Eldest DC is indeed lovely company, but when I've been 'on' for 14 hours or more, actually I don't want to be actively parenting any more, I want everyone to be in bed so I can have uninterrupted peace.
I don't have a solution (I'm here reading for the answers!), but I wanted to provide a bit of counterbalance to the posters who suggest that losing the recharge time we've relied on for years is no big deal. I guess there are different personal preferences for needing time alone, or for how you want to spend it (even at 11 mine is not reliably old enough for a lot of TV dramas I'd choose for myself).
If it was only DC1 and me, I think we'd start walking in these warm evenings. That's not an option cos DC2 is in bed! But I find him much easier company outside, and I suppose that's something we both enjoy, so that would maybe be me reprogramming the evening a bit, rather than just wishing for what we used to have.
He'd occupy himself with a screen happily enough, but I don't want to do that so close to bedtime (other than v passive TV-watching in the - only - family room). I'm contemplating the suggestion of craft stuff in his room. He's not much of a reader, but I am - might instigate some evenings 'quiet time' in the living room, and I'll read and he's welcome to sit with me reading or making (or, I guess, come September - doing homework!).
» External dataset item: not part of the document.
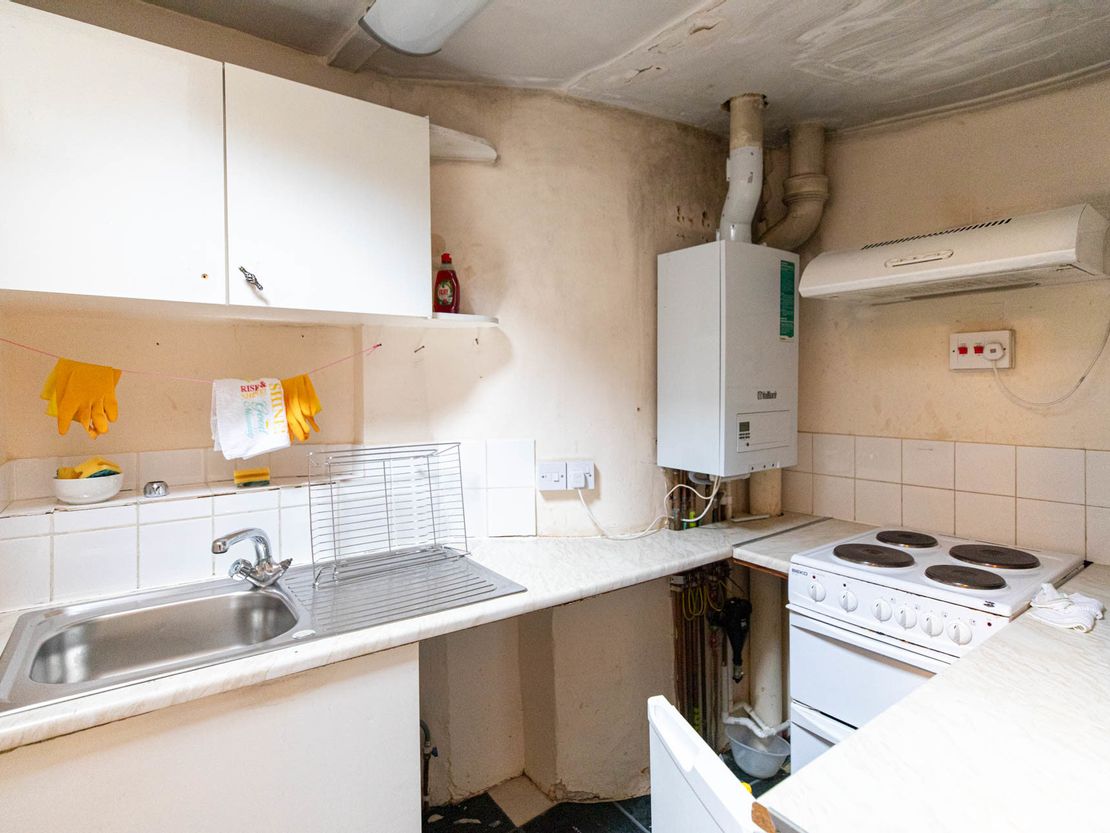 14 High Street, Stroud, Gloucestershire, GL5 1AZ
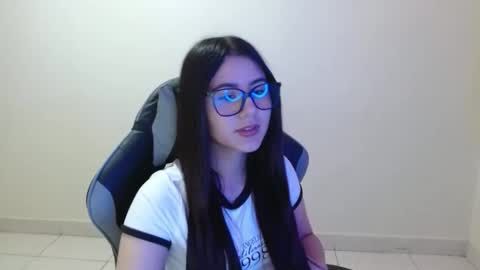 Sahaliefox  online show from 10.22.25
When time alone has been scarce (eg lockdown) I have found switching from TV to reading is better for me, as you can do 5 mins here or there, plus it fits into my commute now I'm back in the office etc.
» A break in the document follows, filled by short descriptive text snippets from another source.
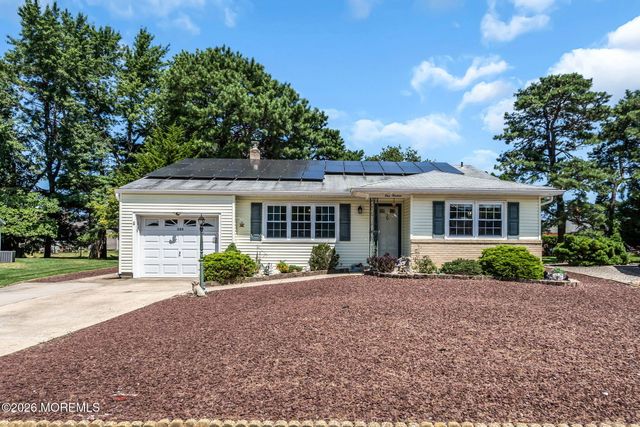 113 Edgewater Court, Toms River, NJ 08757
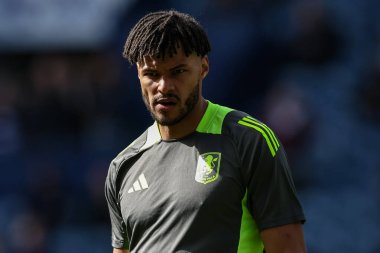 Aston Villa takımından Tyrone Mings, 30 Mart 2025 'te oynanan Emirates FA Cup çeyrek final karşılaşmasında Preston North End, Preston, İngiltere Deepdale' de Aston Villa 'ya karşı oynandı.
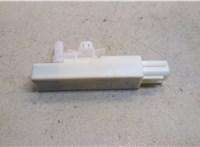 KD47676NXA Антенна Mazda CX-9 2016- 20380215 #1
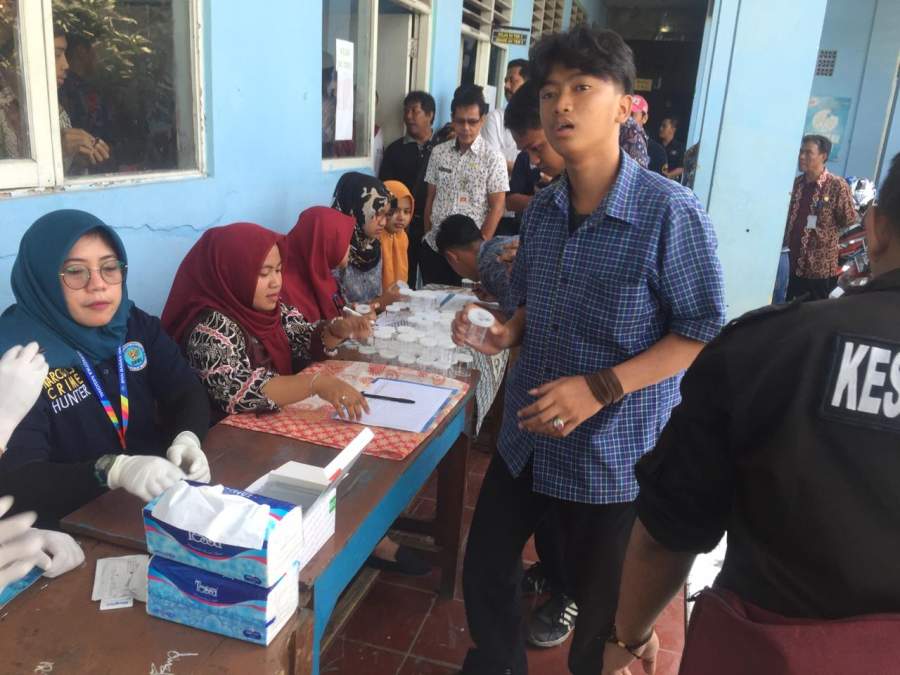 Kesbangpol Kota Tangerang Tes Urin Siswa SMK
The one thing I have done which has helped, is started doing my end-of-day chores earlier, when one or both children are awake. Loading and running the dishwasher, quickly picking bits up off the floor etc - when 'my' evening was a bit longer, I didn't mind doing this stuff while DC1 was in the bath, but now those minutes are so precious (it's the difference between having time for a 1-hr episode of something or not, as you say) so they can come out of the family account, rather than mine.